(Crawled caption data)
○ ○ ○ ○ ○ ○ ○
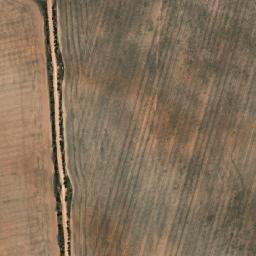 Satellite imagery of Black Hill, AU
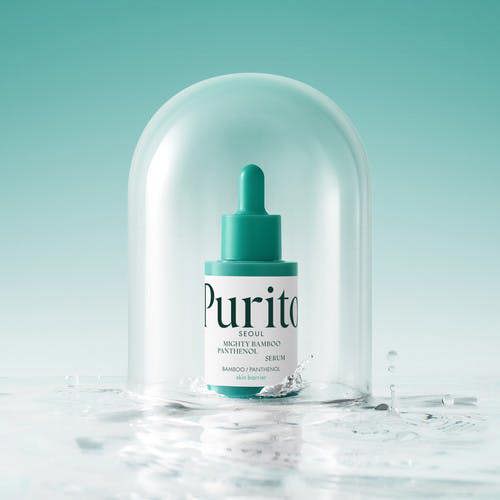 PURITO SEOUL Mighty Bamboo Panthenol Serum 30ml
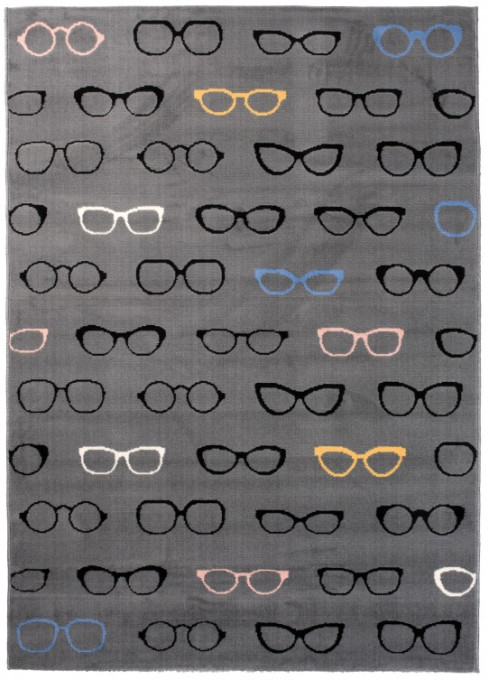 Koberec XENO 33493/071 sivý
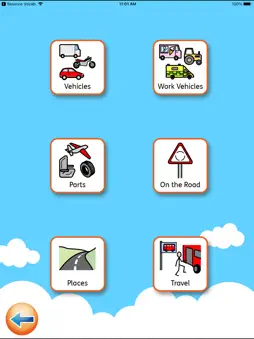 Transport Vocab screenshot 2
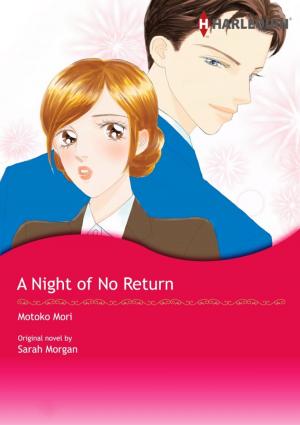 Cover of the book A NIGHT OF NO RETURN by Janie Crouch
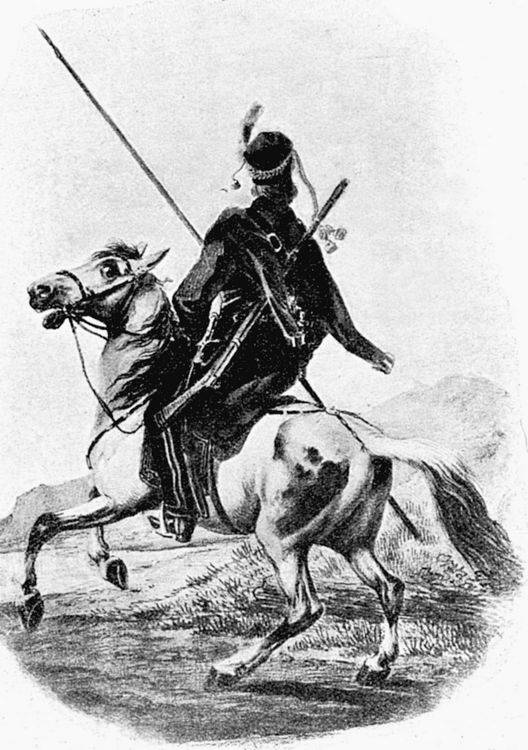 Иллюстрация к книге — История Войска Донского. Картины былого Тихого Дона [i_067.jpg]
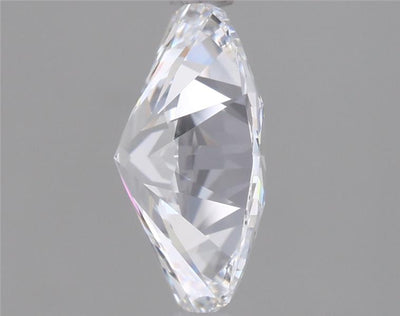 1.61 Carat Oval Lab Diamond :: Greenstar spin frame 07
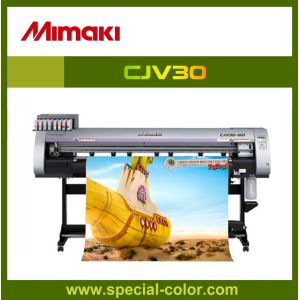 Quality Mimaki CJV30-160 Plotter With Cutter for sublimation for sale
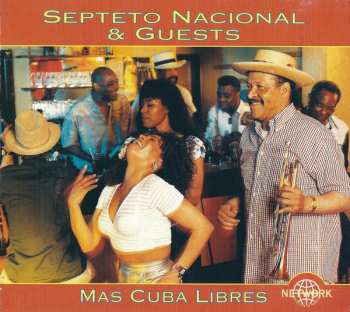 Album Septeto Nacional: Mas Cuba Libres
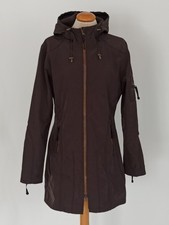 Lange Softshelljacke von ILSE
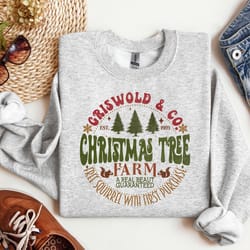 christmas sweatshirt, christmas sweater for gift, christmas crewneck, christmas tshirt, christmas tree t-shirt for women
○ ○ ○ ○ ○ ○ ○
> **PROBLEM TO WORK ON**:
Nothing but the lines from the start of the records through the line holding "1.61 Carat Oval" should be printed, exactly as written and with the pictures left out.

> **ANSWER SECTION**:
 Satellite imagery of Black Hill, AU
 PURITO SEOUL Mighty Bamboo Panthenol Serum 30ml
 Koberec XENO 33493/071 sivý
 Transport Vocab screenshot 2
 Cover of the book A NIGHT OF NO RETURN by Janie Crouch
 Иллюстрация к книге — История Войска Донского. Картины былого Тихого Дона [i_067.jpg]
 1.61 Carat Oval Lab Diamond :: Greenstar spin frame 07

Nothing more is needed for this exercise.